- [About this exercise] Search the records below for the string "Stand" and report only the number of lines that contain it.

Stored items from a collection:
==*==
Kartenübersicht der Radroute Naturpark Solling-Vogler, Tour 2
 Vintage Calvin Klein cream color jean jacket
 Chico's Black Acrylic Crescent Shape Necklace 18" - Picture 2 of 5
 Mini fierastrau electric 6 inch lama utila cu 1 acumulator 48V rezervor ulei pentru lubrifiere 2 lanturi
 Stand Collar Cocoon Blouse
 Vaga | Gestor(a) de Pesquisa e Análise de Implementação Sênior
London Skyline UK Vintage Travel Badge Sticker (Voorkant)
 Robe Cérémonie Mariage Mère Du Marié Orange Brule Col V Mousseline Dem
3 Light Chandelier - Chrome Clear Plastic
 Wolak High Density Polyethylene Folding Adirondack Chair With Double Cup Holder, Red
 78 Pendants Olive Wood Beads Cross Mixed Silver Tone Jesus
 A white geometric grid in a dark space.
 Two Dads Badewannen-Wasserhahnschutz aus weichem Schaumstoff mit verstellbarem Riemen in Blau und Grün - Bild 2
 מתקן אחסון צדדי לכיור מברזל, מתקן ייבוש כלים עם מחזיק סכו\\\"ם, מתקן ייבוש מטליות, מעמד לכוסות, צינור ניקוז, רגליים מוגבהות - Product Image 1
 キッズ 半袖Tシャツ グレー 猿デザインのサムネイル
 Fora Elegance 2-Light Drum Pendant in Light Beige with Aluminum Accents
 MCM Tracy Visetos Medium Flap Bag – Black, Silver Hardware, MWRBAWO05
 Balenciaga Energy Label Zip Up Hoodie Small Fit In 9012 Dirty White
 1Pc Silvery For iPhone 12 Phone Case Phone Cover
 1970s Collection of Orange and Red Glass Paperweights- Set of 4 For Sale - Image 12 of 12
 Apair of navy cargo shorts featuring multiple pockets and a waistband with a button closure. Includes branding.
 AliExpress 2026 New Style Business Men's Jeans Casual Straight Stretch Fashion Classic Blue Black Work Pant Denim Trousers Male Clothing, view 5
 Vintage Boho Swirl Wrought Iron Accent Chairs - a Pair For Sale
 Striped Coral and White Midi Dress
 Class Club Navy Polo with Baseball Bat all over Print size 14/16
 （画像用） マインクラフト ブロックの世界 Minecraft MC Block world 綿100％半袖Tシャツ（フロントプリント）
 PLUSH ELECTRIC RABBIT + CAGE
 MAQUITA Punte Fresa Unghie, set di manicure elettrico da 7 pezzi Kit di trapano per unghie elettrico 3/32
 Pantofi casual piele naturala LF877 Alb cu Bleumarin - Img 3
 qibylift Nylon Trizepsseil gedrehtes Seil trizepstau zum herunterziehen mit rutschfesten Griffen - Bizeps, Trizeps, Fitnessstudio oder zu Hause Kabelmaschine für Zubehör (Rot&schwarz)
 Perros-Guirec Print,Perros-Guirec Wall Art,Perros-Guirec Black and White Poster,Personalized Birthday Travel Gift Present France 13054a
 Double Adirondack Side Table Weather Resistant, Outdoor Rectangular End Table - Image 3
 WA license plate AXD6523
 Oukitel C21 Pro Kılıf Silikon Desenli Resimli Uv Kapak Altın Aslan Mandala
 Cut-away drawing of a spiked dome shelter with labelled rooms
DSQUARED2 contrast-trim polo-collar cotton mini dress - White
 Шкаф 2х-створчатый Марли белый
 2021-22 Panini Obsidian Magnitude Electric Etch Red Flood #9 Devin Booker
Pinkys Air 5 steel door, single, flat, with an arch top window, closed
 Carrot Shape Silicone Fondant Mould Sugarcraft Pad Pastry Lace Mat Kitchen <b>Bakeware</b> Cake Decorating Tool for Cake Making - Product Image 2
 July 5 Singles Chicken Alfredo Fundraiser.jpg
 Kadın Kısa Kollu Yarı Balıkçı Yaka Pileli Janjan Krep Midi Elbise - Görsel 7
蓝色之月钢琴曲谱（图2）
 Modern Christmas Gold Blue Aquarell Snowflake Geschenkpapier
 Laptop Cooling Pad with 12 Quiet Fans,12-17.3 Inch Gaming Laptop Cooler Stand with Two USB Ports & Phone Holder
==*==
- [Solution to the problem] 2